[ASSIGNMENT]:
For the listing below, return the line containing "this 503×510 image.", the line containing "this 1080×720 image.", and all lines in between, exactly as written and nothing else.

____ RECORDS FOR THE TASK

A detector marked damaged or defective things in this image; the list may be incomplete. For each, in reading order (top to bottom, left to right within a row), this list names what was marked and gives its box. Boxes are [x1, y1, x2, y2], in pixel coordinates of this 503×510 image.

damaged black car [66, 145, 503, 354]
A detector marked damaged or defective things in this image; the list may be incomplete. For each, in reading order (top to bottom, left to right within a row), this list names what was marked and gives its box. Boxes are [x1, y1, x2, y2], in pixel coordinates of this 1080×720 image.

________
____ RECORDS FOR THE TASK

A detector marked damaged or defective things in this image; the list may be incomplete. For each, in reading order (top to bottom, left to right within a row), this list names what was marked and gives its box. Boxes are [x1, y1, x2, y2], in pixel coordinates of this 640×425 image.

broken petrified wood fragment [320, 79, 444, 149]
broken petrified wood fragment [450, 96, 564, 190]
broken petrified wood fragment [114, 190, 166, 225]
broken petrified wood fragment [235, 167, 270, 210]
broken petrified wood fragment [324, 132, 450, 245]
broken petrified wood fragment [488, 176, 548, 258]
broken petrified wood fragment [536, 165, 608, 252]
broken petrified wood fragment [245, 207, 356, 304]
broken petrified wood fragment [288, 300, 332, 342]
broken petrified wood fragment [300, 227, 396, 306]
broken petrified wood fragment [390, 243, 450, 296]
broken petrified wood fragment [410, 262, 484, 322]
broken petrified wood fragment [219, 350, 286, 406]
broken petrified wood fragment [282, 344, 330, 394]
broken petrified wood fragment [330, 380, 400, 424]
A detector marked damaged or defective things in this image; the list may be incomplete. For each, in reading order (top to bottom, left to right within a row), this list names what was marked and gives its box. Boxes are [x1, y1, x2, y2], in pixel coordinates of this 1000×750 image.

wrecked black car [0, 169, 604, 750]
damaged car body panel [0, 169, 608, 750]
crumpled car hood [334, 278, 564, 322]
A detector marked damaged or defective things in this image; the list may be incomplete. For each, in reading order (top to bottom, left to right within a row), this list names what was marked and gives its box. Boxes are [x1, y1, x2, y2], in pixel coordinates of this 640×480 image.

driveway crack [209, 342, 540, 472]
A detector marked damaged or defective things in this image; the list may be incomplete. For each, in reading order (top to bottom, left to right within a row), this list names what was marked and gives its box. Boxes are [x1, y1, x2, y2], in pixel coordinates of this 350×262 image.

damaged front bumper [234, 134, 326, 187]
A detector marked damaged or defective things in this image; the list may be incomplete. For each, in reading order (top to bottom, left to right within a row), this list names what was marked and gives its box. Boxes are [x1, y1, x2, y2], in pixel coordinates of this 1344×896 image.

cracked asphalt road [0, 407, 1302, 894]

________

[FINAL ANSWER]:
A detector marked damaged or defective things in this image; the list may be incomplete. For each, in reading order (top to bottom, left to right within a row), this list names what was marked and gives its box. Boxes are [x1, y1, x2, y2], in pixel coordinates of this 503×510 image.

damaged black car [66, 145, 503, 354]
A detector marked damaged or defective things in this image; the list may be incomplete. For each, in reading order (top to bottom, left to right within a row), this list names what was marked and gives its box. Boxes are [x1, y1, x2, y2], in pixel coordinates of this 1080×720 image.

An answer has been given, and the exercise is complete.